= Beginning of Section =

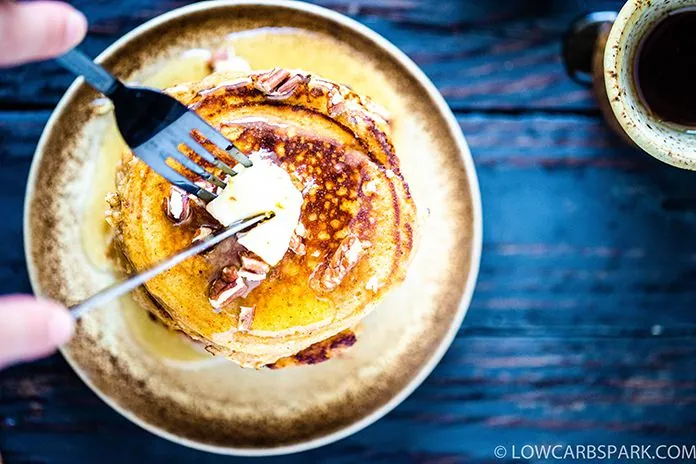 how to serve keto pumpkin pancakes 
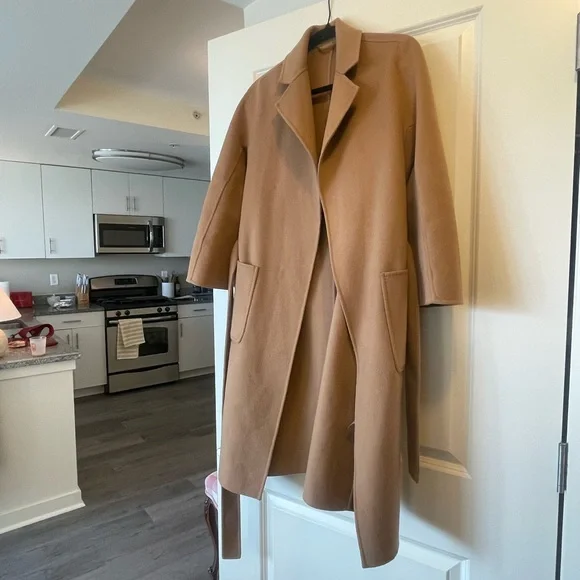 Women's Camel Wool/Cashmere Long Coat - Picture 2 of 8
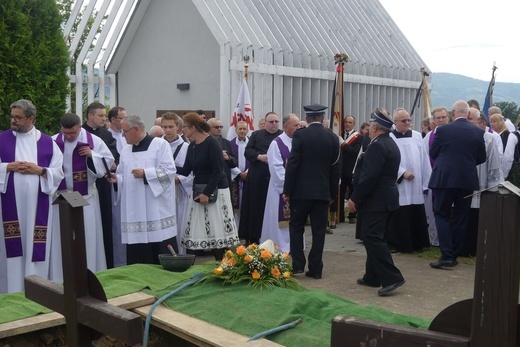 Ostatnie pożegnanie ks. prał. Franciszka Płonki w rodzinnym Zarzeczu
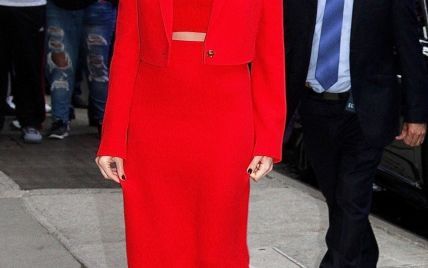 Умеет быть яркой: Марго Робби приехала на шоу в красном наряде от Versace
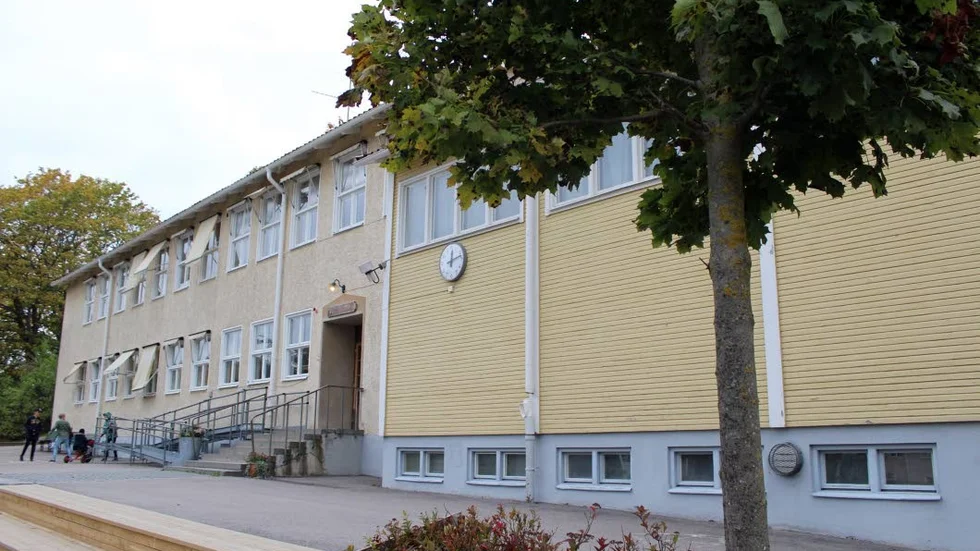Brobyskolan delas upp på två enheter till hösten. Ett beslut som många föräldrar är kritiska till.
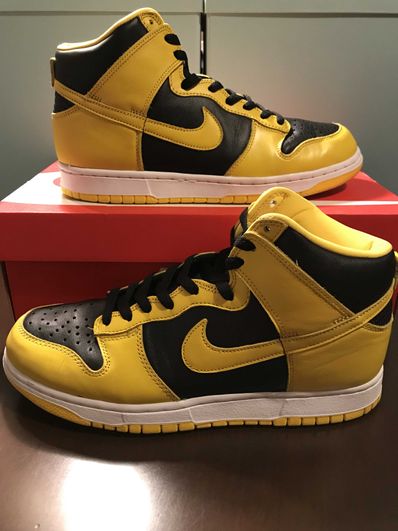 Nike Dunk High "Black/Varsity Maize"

= End of Section =

What you need to retype is every line from the one that has "Ostatnie pożegnanie ks." through the last line of the listing, both included, with the pictures left out.

Task response:
 Ostatnie pożegnanie ks. prał. Franciszka Płonki w rodzinnym Zarzeczu
 Умеет быть яркой: Марго Робби приехала на шоу в красном наряде от Versace
Brobyskolan delas upp på två enheter till hösten. Ett beslut som många föräldrar är kritiska till.
 Nike Dunk High "Black/Varsity Maize"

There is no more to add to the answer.